## Assigned task
Only the lines from the one containing "トヨタ アイシス（70系）・ノア/ヴォクシー（ZRR70）用 TEIN 車高調" to the end of the records belong in the copy. Reproduce them word for word and drop the pictures.

## Data provided

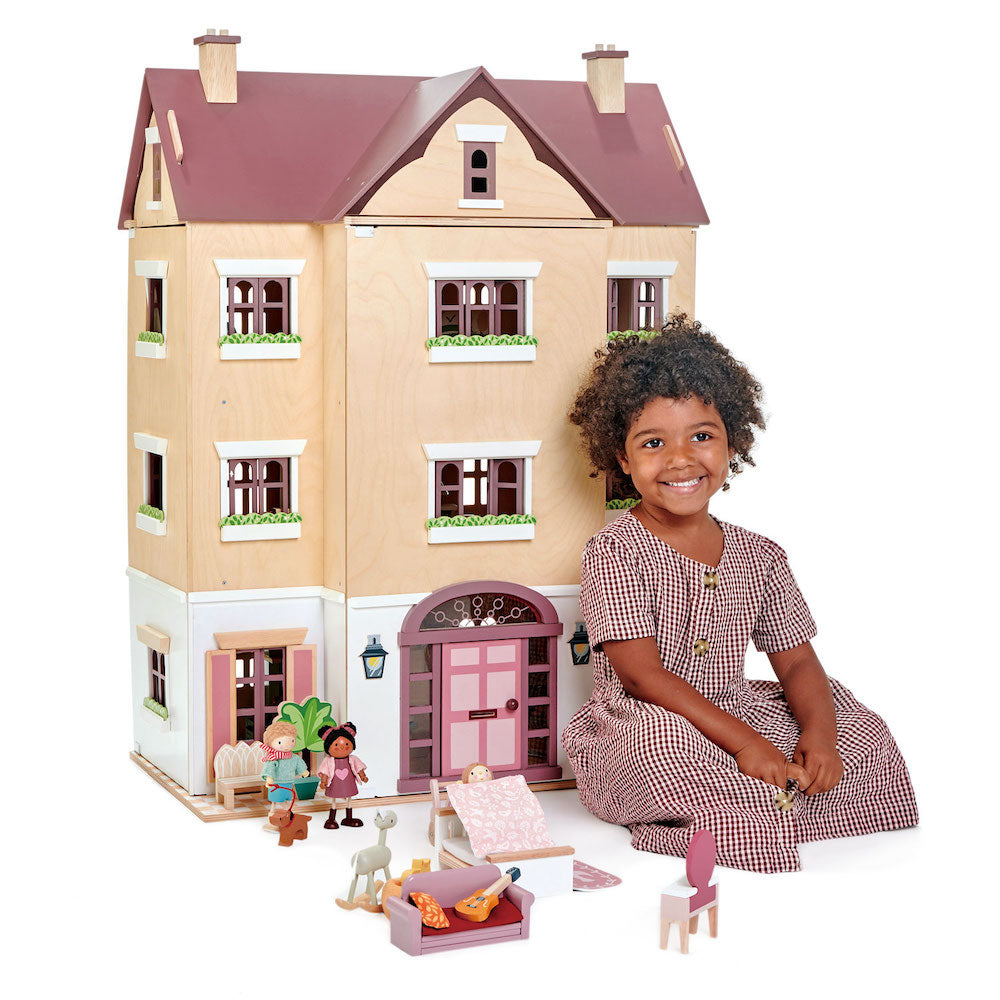 Imagine Casa de papusi - Fantail Hall - TL8126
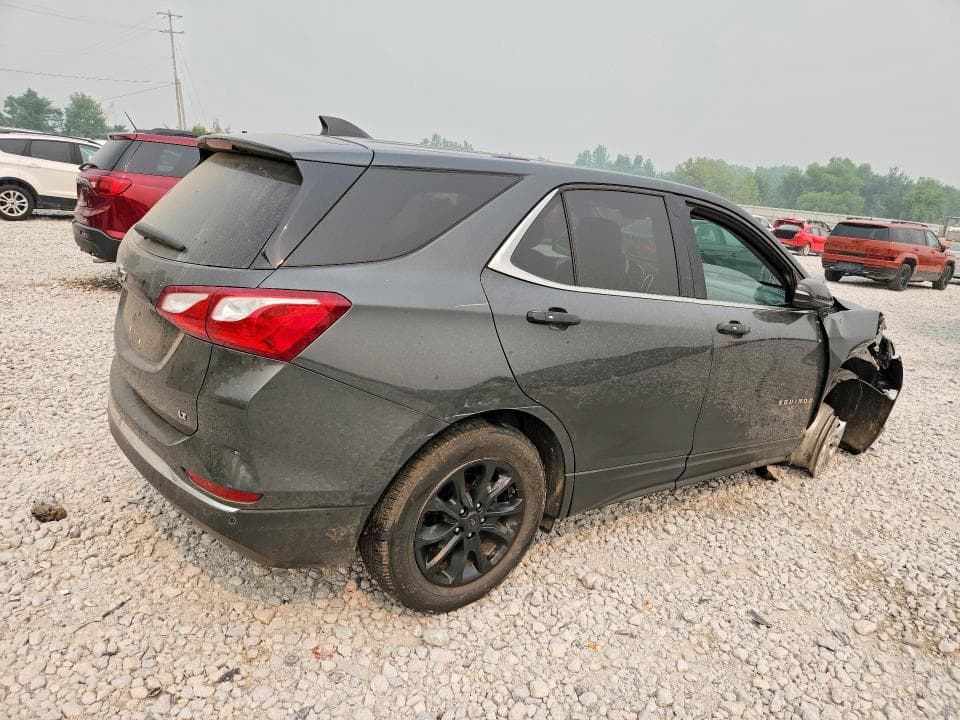 2019 CHEVROLET EQUINOX LT 3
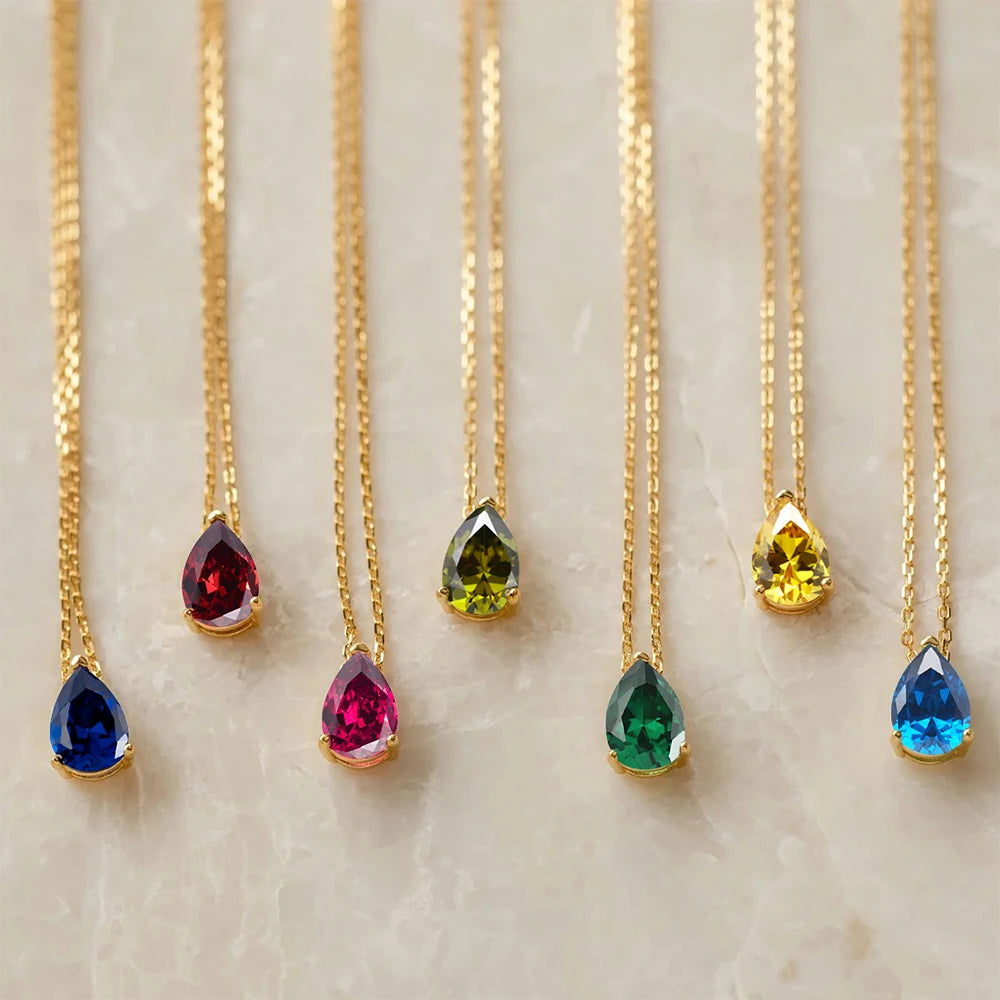 Collier Pierre de Naissance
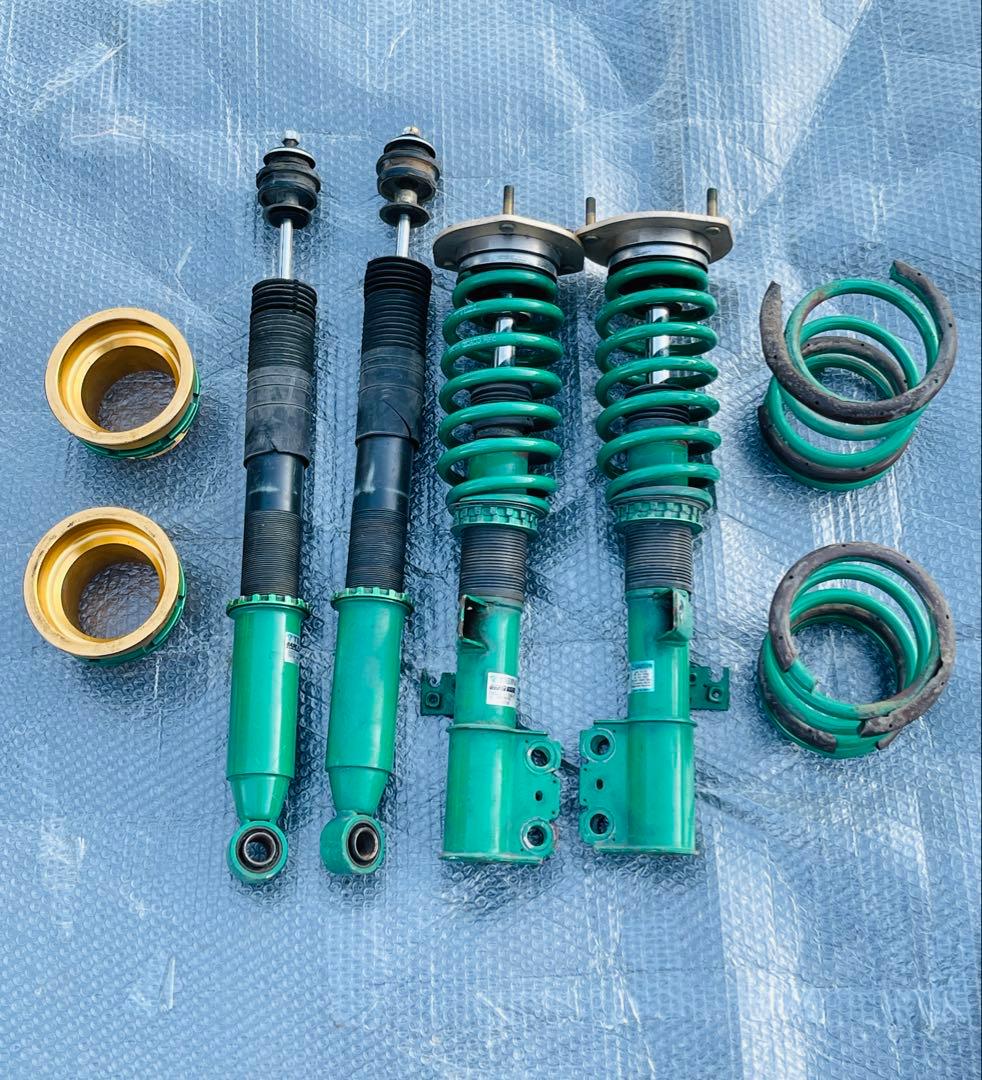 トヨタ アイシス（70系）・ノア/ヴォクシー（ZRR70）用 TEIN 車高調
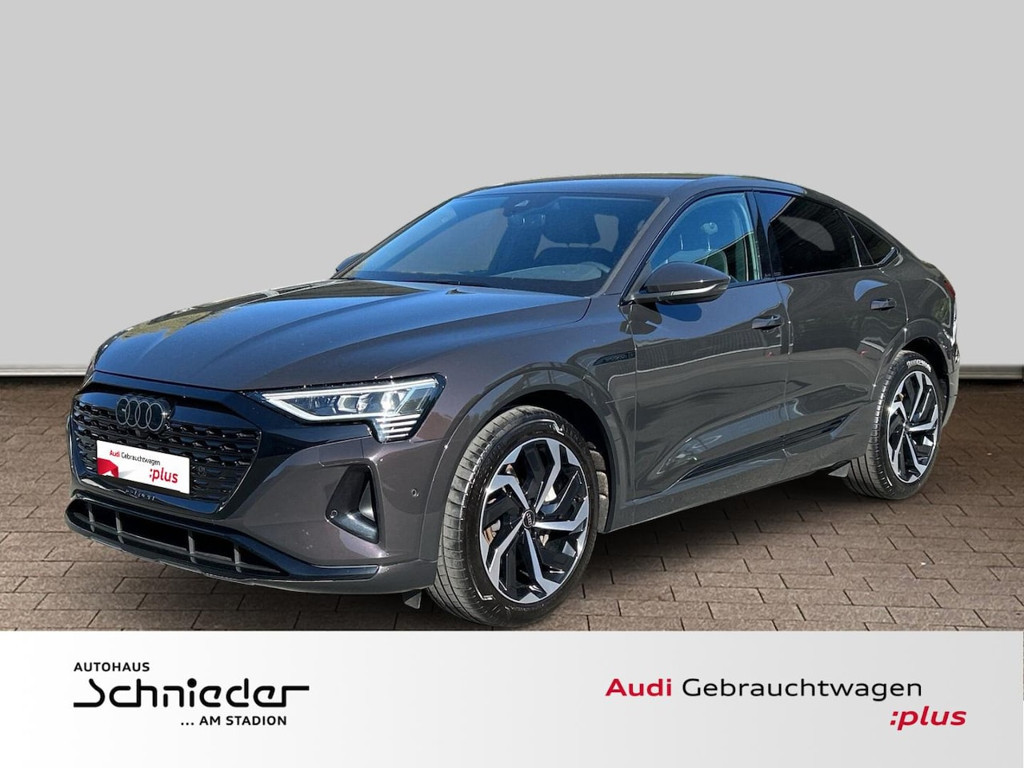 Audi Q8 e-tron Sportback Quattro 50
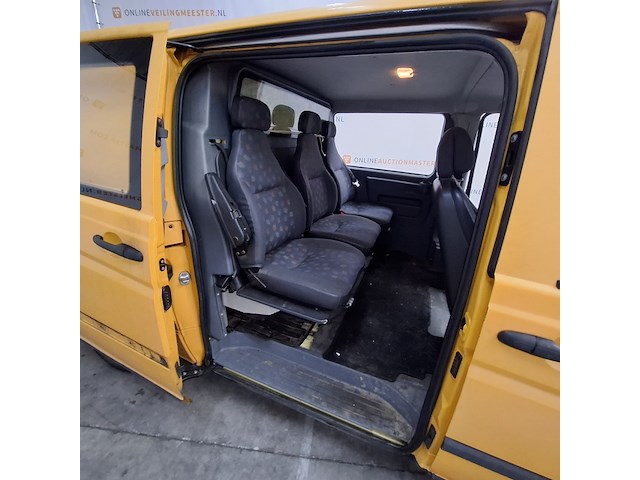 Personenbus, mercedes-benz, vito, 2006 - afbeelding 29 van  50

## The completed task
 トヨタ アイシス（70系）・ノア/ヴォクシー（ZRR70）用 TEIN 車高調
 Audi Q8 e-tron Sportback Quattro 50
 Personenbus, mercedes-benz, vito, 2006 - afbeelding 29 van  50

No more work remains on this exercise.